Activity: The answer must be the lines from the one that holds "NPA hosts Kenyan" through the final line of the data, copied exactly, with no pictures.

Information given:
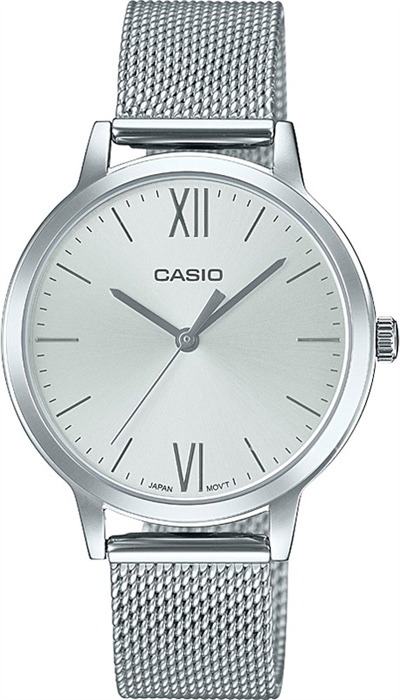 Casio Collection LTP-E157M-7A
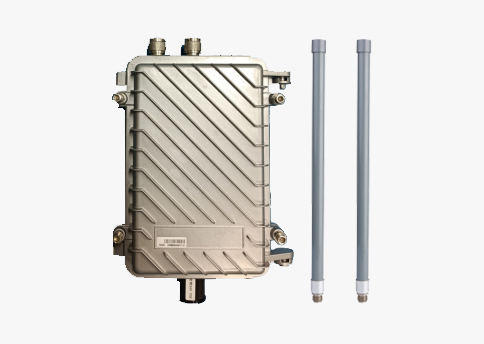 工业无线传输系列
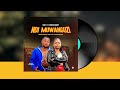 IZON T FT VANESA NANSY NDI MUWANGUZI IZON T FT VANESA NANSY NDI MUWANGUZI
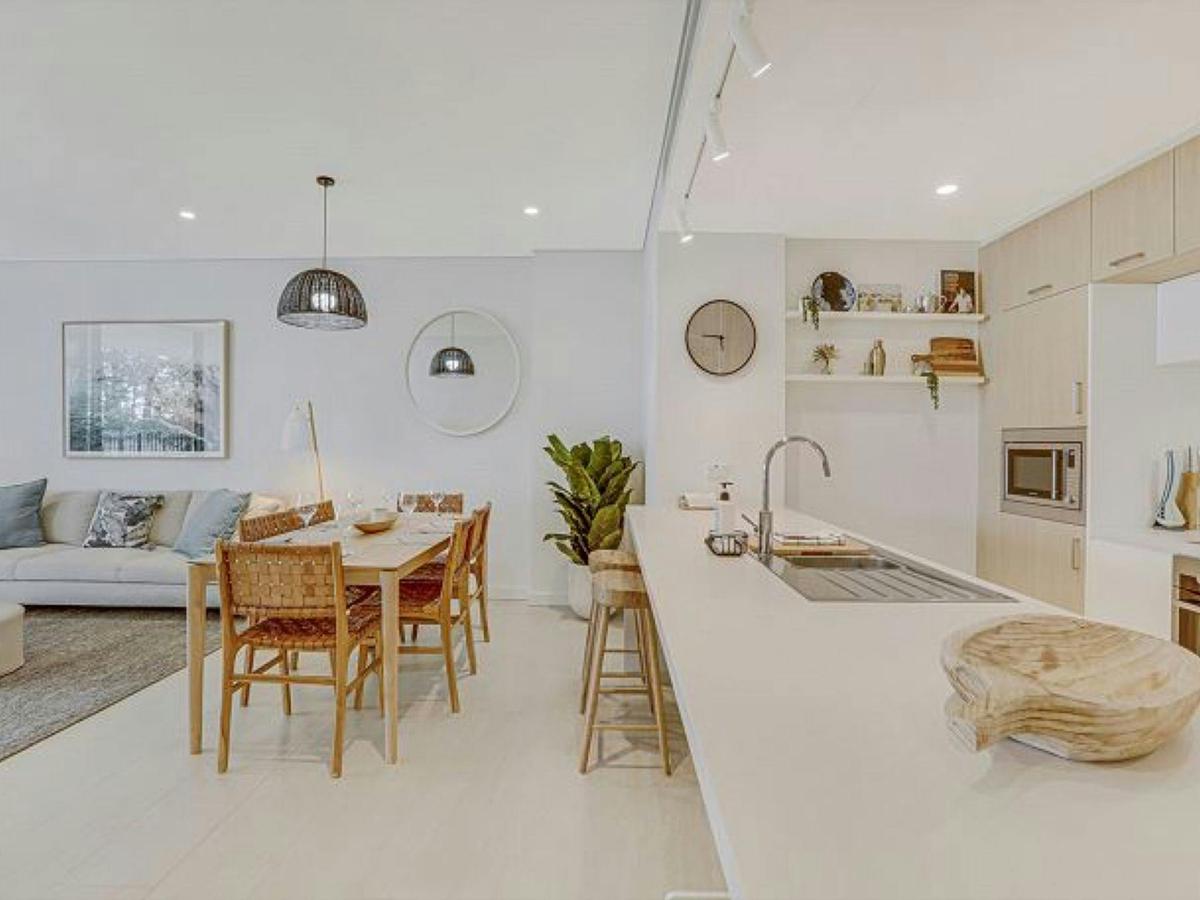 Watermark Huskisson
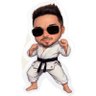 Profilbild von TKD_Adam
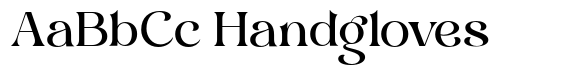 Bonrage image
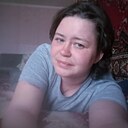 Знакомства: Ира, 28 лет, Шарья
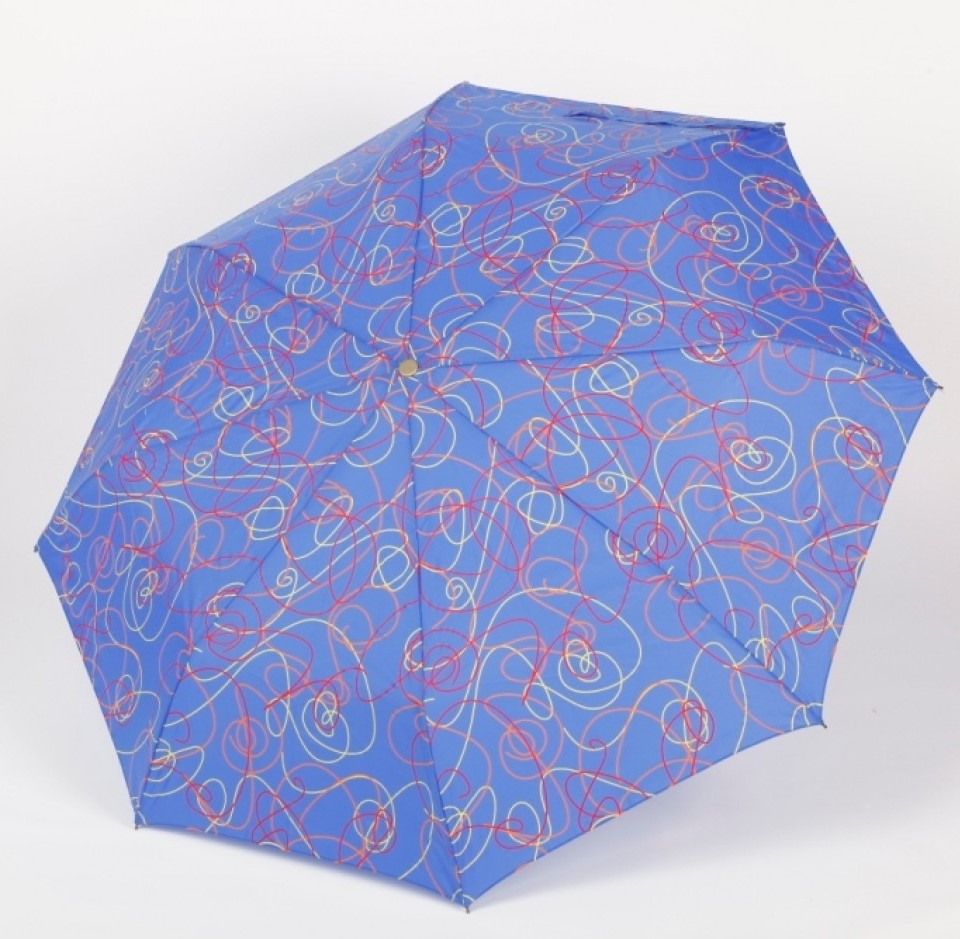 

Женский зонт Airton (#3911-4194)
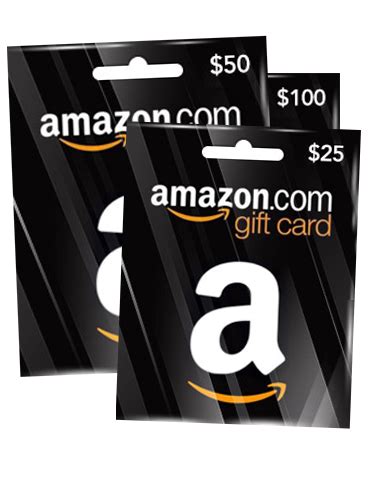 Sell a $500 amazon gift card for $520 on ebay! Buy US Amazon Gift Card Online with OffGamers.com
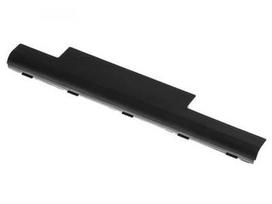 as10d31 - GREENCELL AC06 Battery Green Cell AS10D* for Acer Aspire z serii 5733 5742G 5750 5750G AS10D31 - 2 nuotrauka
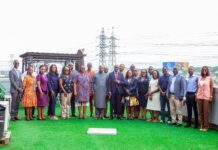 NPA hosts Kenyan energy regulators for study tour on downstream petroleum regulation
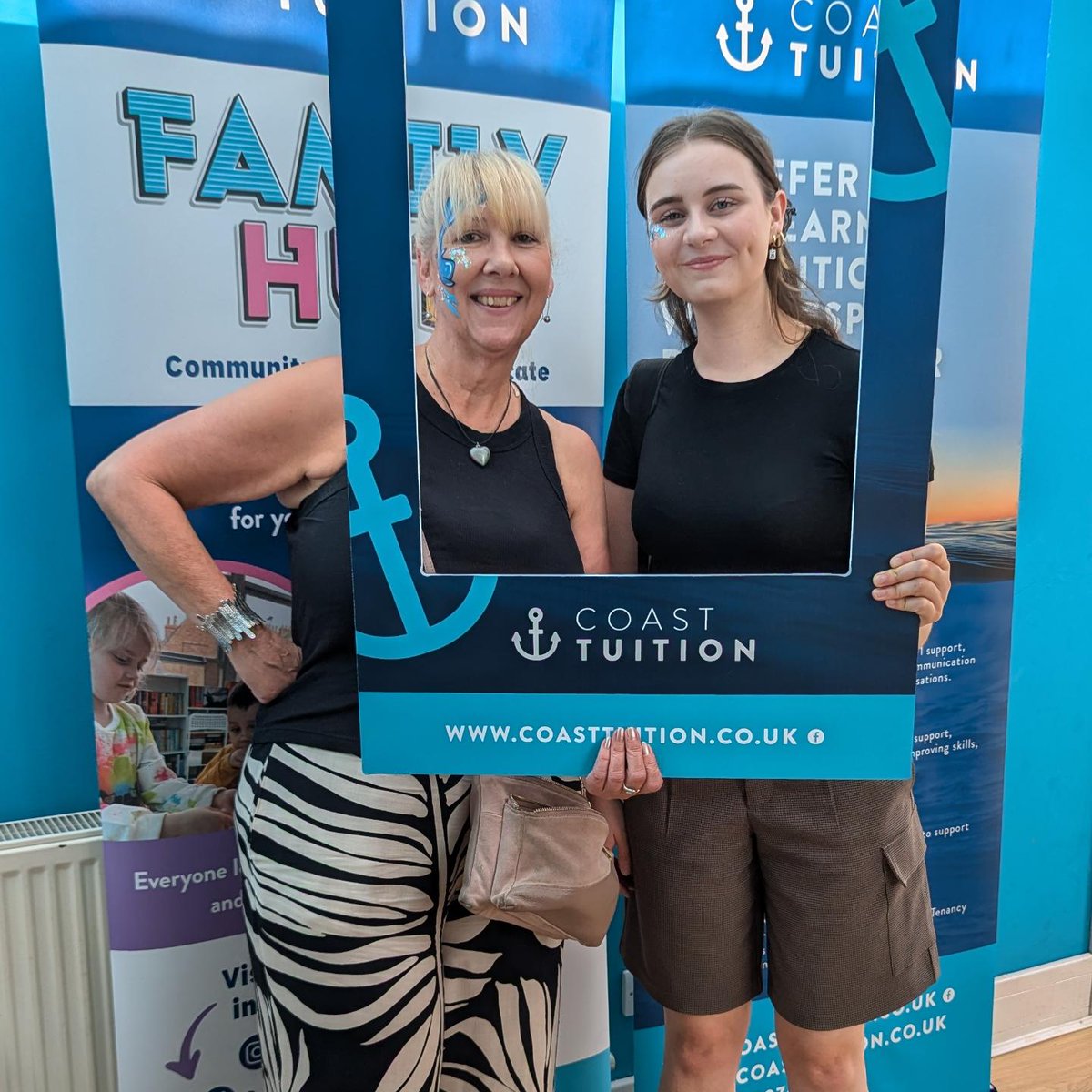 BetterConnect tweet media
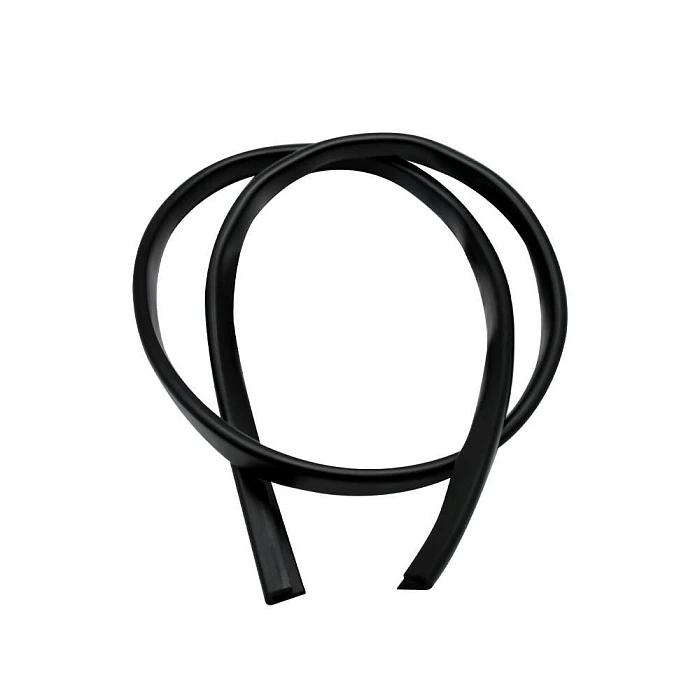 Трековая фурнитура Aployt Magnetic track 220 APL.0286.00.01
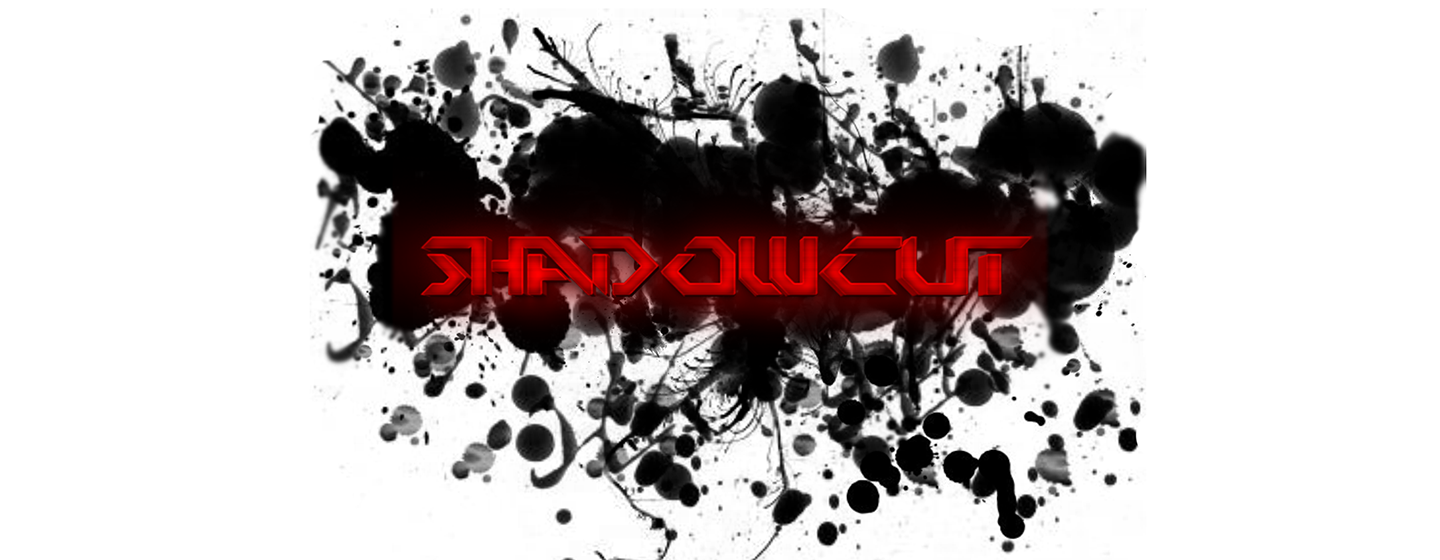 Shadowcut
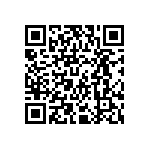 XPGBWT-L1-R250-00DE8 QRCode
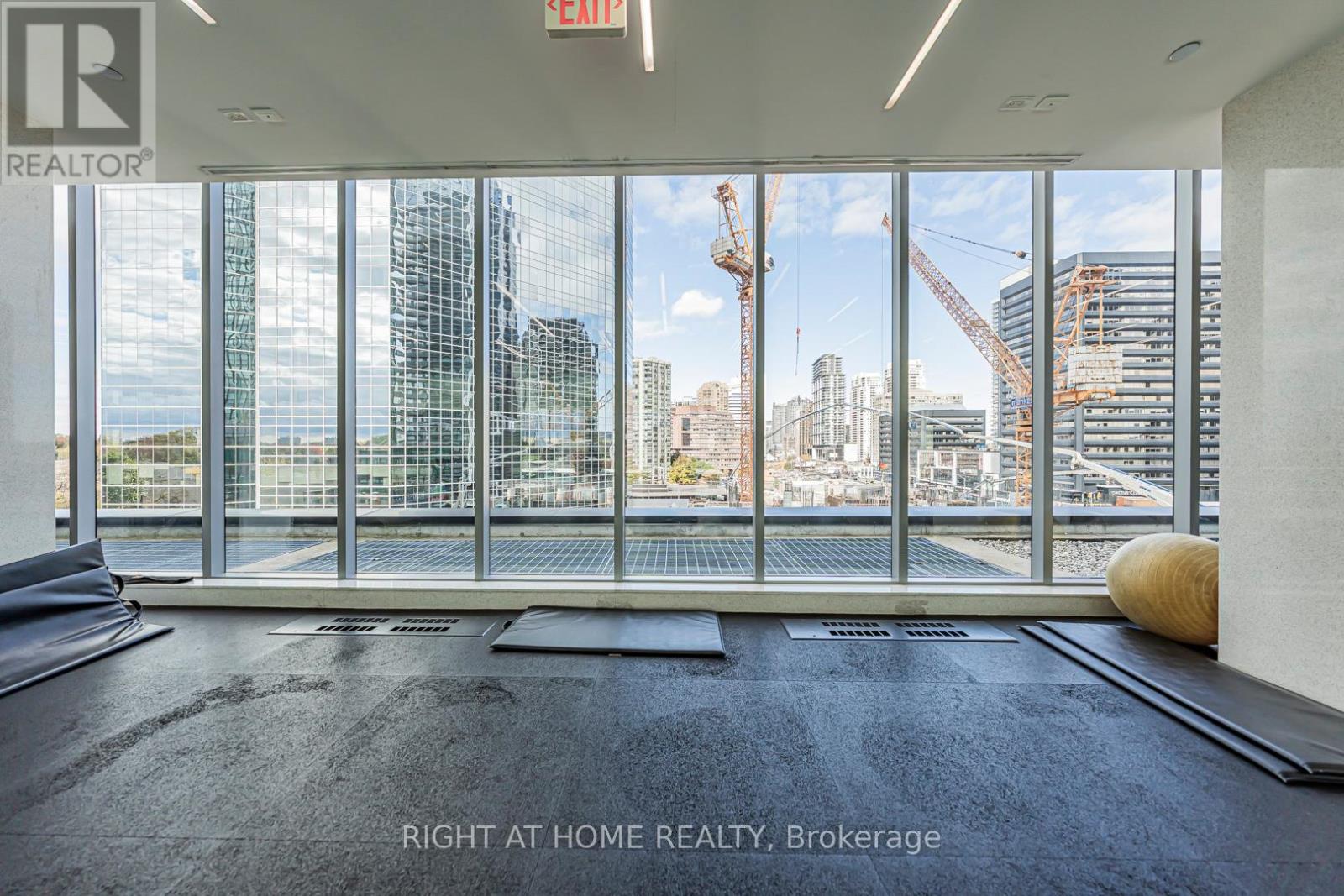 3101 - 9 Bogert Avenue, Toronto, Ontario  M2N 0H3 - Photo 11 - C13101852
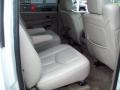 2005 Suburban 1500 LT #29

Task response:
 NPA hosts Kenyan energy regulators for study tour on downstream petroleum regulation
 BetterConnect tweet media
 Трековая фурнитура Aployt Magnetic track 220 APL.0286.00.01
 Shadowcut
 XPGBWT-L1-R250-00DE8 QRCode
 3101 - 9 Bogert Avenue, Toronto, Ontario  M2N 0H3 - Photo 11 - C13101852
 2005 Suburban 1500 LT #29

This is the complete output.